No la recordaba así. Solía ser más alta y andar con una tiza en la mano. Su cabello era oscuro y sus rasgos menos pronunciados, como quien enfrenta la vida desde cero, sin cansancio.
Ese día la vi encorvada… parecía llevar el mundo a sus espaldas. Dudé en saludarla, seguro no se acordaría de mí, habían pasado ya 16 años. Viré la espalda y escuché su voz reclamar: “Pero, ¿tú no piensas darme un beso?”.
Fue entonces cuando la reconocí. Era ella, Caridad, la de siempre… con su sonrisa marcada de la alegría de ver crecer tantos niños, sus ojos arrugados de llorar ante el orgullo de quienes escriben sus primeras palabras, su ceño fruncido por los regaños oportunos, esos que edifican.
¡Cómo ha cambiado mi maestra! Ahora es más hermosa y tiene miles de nombres guardados en su mente, porque cada uno es una historia, un desvelo, una manera distinta de enseñar algo nuevo, de aprehender.

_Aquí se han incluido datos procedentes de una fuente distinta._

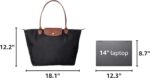 LONGCHAMP(ロンシャン) Tote Bag - Image 3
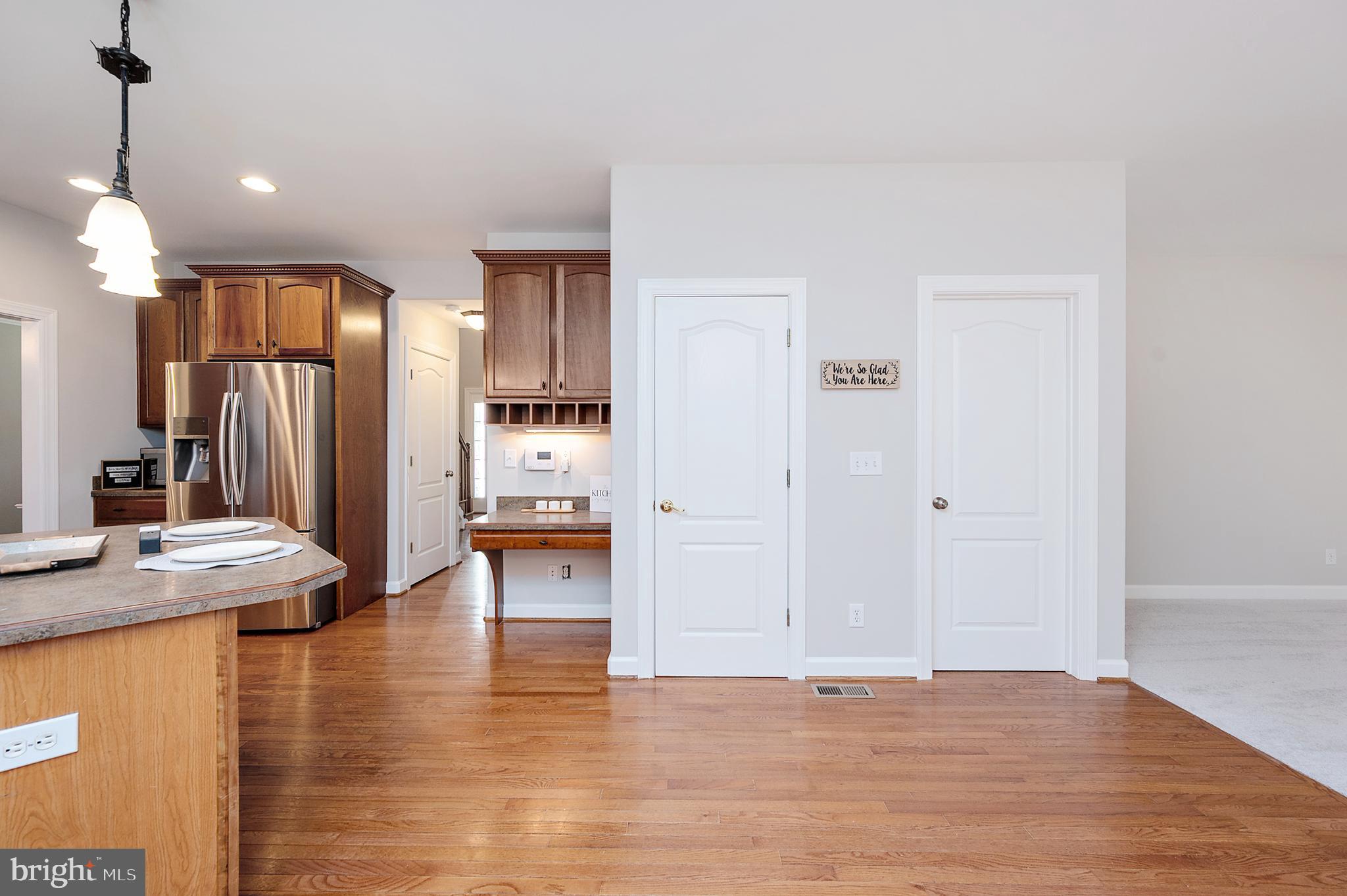 115 Revell Road Fredericksburg, VA 22405 - Photo 12 of 68 Gallery Image 12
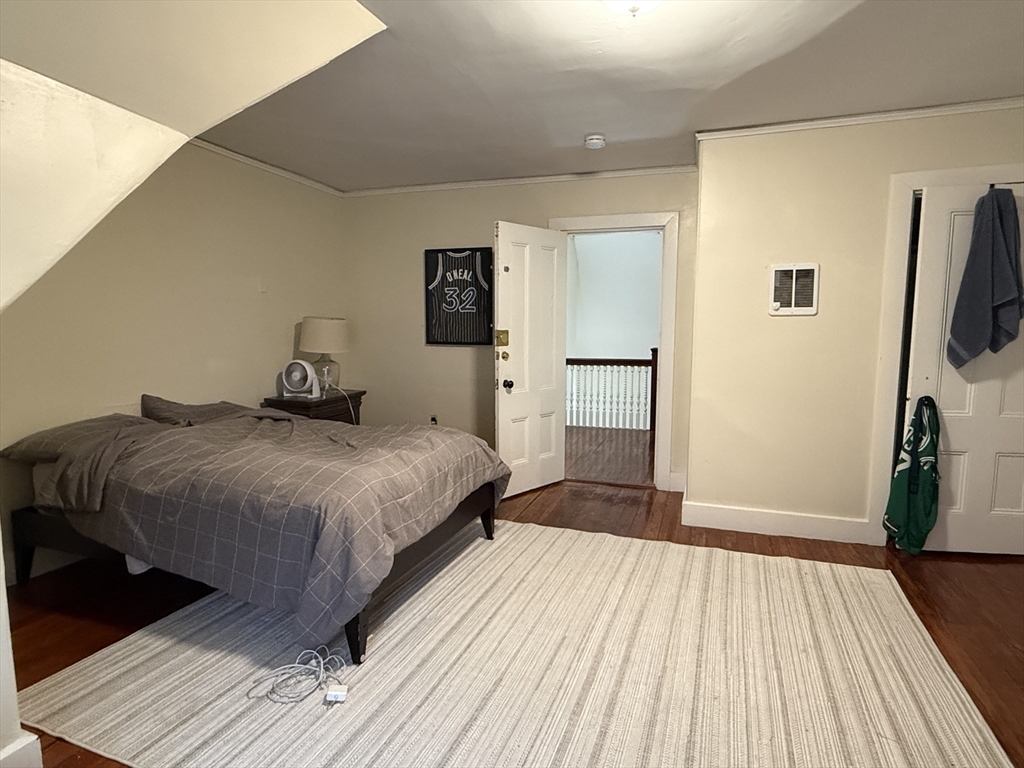 12 Braemore Road, Unit HS Boston, MA 02135 - Photo 18 of 20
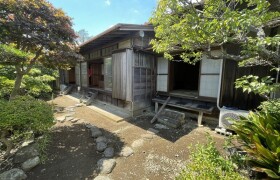 5DK Mansion in Horiuchi - Miura-gun Hayama-machi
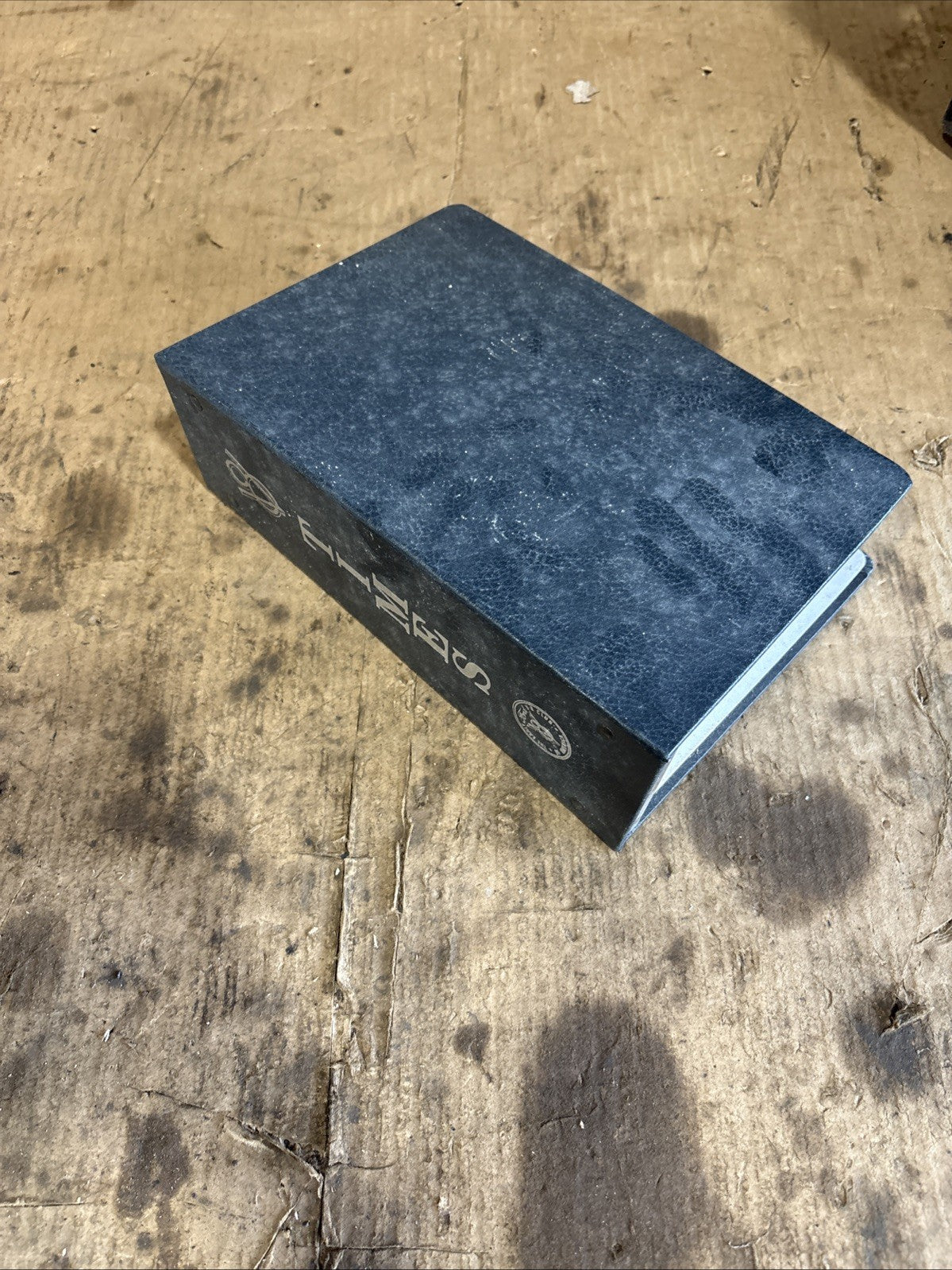 45404840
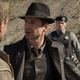 Defiance-1x06-screencaps-0248.png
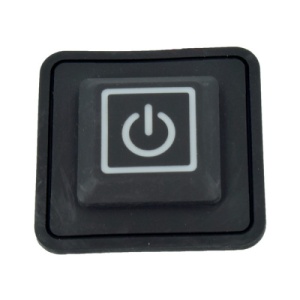 Buton electric Touch Cod: TL-04 - Img 1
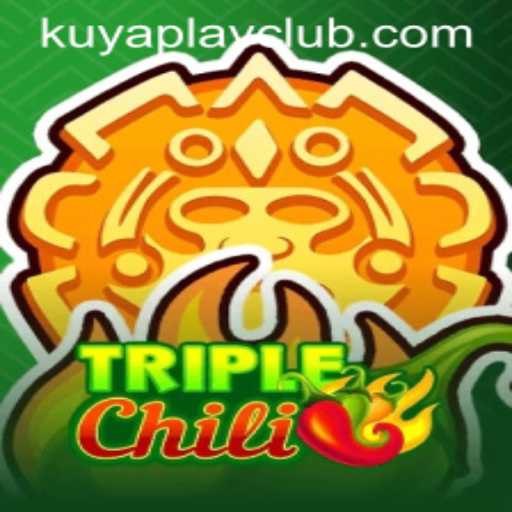 Discover the Exciting World of TripleChili at Kuyaplay Casino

Sin embargo, aún cuando son muchas las diferencias con la Caridad de mis recuerdos, sigue siendo la misma: la mejor de la escuela. Tuve el honor de tenerla por profesora y no me alcanzarán los días para agradecerle las lecciones cantadas, las reglas ortográficas en formas de poesía, lo ingenioso de su método de enseñanza.
Ella fue mi maestra y, como yo, millones de habaneros agradecen a sus segundos padres, los de la academia, este 22 de diciembre.